In early 2012, the BBC reported that news of extraterrestrial contact “may reach most people via a tweet from a SETI astronomer.” Because of Twitter’s ability to provide instant news to users around the world, this is a reasonable assumption. Whether the news comes from an astronomer at the SETI (Search for Extraterrestrial Intelligence) Institute, or from a member of the general public, Twitter is a likely vehicle for transmitting this news the fastest.
Although Twitter may very well be the source by which many initially learn of extraterrestrial contact, it could also incite hysteria.
A recent Forbes article suggests that Twitter will cause our generation’s “War of The Worlds.” The Orson Welles’ 1938 radio drama panicked listeners who thought the fictitious alien invasion was real. And, due to “the faith people have in the reliability of social media,” Forbes theorizes that Twitter users may react in a similar manner to news of extraterrestrial visitation, real or fictitious. The article explains, “With the power of mass communication in the hands of everyone, a ‘War of the Worlds’ scare can’t be far away, and would be easier to pull off today than it was for Orson Welles.”
So, in the event of true extraterrestrial contact, the news will disseminate rapidly via Twitter.
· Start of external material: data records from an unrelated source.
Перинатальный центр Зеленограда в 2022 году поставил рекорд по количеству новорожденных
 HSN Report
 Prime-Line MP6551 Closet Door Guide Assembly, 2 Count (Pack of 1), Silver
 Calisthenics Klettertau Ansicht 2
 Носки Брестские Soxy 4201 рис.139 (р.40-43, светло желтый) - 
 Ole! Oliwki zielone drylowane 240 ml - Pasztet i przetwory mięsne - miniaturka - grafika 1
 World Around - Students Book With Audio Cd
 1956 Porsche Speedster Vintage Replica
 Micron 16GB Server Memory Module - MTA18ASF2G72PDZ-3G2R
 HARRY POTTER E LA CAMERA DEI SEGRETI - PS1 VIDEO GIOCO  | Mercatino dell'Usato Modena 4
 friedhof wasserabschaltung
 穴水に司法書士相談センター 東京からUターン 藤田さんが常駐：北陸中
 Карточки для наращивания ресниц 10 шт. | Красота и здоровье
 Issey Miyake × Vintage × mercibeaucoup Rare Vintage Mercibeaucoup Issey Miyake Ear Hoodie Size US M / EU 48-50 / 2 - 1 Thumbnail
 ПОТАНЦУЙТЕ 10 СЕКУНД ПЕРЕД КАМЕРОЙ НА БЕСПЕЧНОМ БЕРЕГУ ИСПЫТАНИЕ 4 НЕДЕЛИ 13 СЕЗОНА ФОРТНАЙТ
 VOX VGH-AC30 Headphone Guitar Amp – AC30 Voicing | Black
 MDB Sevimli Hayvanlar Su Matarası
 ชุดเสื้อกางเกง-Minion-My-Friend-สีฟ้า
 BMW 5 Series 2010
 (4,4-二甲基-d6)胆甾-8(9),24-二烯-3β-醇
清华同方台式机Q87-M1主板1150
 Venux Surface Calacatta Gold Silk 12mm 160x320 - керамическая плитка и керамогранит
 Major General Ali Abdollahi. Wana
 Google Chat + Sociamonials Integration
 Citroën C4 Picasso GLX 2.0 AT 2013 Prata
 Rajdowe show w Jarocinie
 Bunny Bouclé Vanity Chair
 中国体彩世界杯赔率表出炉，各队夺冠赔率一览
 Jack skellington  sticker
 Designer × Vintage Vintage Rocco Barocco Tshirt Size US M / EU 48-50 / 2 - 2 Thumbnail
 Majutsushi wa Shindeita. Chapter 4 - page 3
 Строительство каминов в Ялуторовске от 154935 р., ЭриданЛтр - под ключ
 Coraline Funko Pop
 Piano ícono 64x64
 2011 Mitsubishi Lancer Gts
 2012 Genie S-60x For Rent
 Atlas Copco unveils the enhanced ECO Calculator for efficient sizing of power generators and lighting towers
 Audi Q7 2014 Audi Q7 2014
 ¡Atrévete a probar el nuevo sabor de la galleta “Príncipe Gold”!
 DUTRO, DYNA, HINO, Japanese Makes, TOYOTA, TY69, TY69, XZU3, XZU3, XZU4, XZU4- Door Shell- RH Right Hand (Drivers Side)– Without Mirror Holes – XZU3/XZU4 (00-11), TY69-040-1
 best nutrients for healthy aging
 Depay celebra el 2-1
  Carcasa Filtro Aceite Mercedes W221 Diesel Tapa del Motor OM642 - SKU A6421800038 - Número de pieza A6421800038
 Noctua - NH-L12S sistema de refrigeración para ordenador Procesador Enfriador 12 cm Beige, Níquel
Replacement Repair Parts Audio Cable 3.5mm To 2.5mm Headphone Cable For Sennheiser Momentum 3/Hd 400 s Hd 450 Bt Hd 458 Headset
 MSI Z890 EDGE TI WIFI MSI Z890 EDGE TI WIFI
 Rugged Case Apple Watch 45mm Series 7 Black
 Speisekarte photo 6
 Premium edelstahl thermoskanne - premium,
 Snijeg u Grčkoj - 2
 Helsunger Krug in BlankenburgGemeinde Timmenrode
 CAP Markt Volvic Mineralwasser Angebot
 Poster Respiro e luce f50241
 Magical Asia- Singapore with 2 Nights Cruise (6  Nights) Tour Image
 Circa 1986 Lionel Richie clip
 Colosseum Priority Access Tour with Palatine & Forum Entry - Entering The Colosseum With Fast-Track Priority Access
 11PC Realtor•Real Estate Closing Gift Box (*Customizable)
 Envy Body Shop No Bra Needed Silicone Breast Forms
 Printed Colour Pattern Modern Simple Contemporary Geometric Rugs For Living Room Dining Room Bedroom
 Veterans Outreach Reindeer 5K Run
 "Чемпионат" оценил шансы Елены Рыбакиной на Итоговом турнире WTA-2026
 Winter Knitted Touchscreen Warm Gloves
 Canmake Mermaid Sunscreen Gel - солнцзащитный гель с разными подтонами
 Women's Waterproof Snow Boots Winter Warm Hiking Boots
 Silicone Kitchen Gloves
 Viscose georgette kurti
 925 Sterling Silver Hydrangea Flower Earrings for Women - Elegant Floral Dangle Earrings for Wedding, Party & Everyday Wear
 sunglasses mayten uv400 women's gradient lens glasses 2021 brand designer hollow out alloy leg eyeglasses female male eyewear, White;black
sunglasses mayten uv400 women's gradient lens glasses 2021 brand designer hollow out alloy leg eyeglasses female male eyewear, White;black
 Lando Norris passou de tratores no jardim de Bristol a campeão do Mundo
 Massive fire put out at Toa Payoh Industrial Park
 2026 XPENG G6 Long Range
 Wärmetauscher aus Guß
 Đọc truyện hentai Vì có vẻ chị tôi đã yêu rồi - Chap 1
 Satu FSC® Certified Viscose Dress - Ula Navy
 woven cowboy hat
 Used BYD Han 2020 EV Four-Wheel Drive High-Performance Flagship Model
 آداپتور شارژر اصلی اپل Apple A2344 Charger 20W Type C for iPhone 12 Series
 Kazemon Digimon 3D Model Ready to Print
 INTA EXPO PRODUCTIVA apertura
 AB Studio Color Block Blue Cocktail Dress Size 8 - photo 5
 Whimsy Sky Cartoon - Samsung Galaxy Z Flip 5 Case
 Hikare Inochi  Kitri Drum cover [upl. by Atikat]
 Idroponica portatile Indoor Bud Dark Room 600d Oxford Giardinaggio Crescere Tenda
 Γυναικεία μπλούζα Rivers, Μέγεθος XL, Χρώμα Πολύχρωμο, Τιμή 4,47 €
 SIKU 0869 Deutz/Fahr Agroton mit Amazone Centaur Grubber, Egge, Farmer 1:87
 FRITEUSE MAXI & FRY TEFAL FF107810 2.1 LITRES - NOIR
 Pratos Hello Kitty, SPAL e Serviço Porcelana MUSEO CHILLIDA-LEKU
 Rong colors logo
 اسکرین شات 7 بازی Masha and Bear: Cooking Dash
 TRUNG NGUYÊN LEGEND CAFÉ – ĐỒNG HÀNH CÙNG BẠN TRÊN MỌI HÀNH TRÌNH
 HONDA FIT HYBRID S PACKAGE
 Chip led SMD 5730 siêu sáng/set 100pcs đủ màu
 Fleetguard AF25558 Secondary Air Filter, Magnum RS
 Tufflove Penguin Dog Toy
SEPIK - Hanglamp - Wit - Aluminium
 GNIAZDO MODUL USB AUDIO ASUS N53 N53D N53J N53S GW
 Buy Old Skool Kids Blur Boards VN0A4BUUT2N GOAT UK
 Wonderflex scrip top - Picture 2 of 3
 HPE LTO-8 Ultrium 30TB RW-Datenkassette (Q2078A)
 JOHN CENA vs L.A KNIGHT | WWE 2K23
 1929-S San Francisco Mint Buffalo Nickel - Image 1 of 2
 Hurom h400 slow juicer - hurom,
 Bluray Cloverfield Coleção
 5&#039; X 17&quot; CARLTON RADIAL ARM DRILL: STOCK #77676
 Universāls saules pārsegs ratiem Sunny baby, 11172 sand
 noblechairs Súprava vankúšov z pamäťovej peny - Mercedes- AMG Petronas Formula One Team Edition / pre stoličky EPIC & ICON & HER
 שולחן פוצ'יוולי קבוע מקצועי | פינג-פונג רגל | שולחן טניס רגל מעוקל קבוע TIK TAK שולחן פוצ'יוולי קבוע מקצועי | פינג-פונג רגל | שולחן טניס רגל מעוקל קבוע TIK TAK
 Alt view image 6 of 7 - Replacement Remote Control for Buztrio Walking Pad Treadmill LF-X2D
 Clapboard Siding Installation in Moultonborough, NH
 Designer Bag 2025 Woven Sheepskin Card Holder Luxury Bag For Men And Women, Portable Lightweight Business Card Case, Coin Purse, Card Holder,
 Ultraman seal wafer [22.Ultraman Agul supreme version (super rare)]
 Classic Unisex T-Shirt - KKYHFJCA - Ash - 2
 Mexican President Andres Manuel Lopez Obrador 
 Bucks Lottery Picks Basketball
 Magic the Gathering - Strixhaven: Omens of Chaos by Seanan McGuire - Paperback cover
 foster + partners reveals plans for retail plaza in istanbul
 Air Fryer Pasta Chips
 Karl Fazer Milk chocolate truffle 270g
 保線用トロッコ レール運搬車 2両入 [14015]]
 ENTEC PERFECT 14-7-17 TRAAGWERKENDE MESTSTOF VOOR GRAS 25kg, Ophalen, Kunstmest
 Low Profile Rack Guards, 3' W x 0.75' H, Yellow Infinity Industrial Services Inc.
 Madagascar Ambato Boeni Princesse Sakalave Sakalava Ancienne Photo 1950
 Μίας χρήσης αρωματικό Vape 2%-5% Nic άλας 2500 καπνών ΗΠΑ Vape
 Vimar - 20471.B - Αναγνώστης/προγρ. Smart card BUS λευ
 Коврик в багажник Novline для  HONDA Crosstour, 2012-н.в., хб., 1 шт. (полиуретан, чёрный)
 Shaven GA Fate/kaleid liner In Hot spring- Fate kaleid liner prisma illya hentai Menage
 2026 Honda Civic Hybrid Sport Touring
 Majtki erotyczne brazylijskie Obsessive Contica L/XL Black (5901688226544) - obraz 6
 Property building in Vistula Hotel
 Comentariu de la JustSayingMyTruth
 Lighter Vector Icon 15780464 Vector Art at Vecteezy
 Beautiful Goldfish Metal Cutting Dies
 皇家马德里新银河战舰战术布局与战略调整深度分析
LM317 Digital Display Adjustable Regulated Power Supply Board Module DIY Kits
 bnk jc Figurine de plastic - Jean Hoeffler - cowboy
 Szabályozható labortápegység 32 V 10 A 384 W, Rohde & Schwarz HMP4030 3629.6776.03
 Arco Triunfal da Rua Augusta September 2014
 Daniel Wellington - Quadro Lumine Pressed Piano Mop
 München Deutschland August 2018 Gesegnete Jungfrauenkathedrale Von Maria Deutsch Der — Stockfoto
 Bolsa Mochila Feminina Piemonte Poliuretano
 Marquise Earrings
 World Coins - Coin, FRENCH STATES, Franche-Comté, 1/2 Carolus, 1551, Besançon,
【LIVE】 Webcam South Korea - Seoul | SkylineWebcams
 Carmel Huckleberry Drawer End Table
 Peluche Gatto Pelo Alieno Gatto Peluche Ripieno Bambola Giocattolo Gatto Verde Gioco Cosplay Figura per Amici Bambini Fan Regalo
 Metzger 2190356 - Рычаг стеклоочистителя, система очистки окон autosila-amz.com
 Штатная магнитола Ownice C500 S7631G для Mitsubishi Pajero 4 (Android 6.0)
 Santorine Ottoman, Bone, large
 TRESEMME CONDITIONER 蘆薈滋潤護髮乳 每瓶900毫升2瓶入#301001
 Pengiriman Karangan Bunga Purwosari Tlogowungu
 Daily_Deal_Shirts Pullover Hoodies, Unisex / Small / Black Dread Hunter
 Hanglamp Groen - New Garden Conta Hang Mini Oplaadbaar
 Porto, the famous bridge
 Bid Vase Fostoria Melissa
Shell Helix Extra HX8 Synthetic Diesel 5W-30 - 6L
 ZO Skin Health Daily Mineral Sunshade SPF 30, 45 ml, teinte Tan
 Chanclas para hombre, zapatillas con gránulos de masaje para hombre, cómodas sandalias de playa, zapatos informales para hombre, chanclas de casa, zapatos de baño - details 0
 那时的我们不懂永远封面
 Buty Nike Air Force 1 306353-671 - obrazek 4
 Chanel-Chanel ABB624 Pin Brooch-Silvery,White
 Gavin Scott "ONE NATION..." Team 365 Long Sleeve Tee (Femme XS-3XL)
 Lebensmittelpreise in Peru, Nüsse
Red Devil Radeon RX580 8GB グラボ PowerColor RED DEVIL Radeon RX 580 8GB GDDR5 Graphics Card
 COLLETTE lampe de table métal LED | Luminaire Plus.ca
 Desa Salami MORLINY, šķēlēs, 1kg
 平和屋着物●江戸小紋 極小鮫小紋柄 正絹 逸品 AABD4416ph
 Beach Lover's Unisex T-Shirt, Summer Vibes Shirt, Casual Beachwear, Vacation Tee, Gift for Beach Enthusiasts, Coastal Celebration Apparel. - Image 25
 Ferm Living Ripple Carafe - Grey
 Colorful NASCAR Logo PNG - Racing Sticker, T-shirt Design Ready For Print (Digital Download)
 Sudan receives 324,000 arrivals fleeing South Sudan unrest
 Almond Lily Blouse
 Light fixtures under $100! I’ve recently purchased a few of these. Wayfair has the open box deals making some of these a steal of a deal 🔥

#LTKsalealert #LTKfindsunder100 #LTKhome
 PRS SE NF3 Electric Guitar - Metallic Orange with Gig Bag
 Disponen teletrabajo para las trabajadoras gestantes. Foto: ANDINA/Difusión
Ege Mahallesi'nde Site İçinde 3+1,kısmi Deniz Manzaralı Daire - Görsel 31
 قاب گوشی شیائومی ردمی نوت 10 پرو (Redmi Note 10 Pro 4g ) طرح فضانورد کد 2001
But false news can spread equally as fast, which can make it difficult to distinguish genuine news from false news. But that is the nature of user-generated Internet content, and, sadly, news in general. It’s always a good idea to look for multiple sources to corroborate information.
Do you think the news of extraterrestrial contact would freak people out like “War of the Worlds” did more than seventy years ago? Share your thoughts with us by commenting below, or by commenting on our Facebook page.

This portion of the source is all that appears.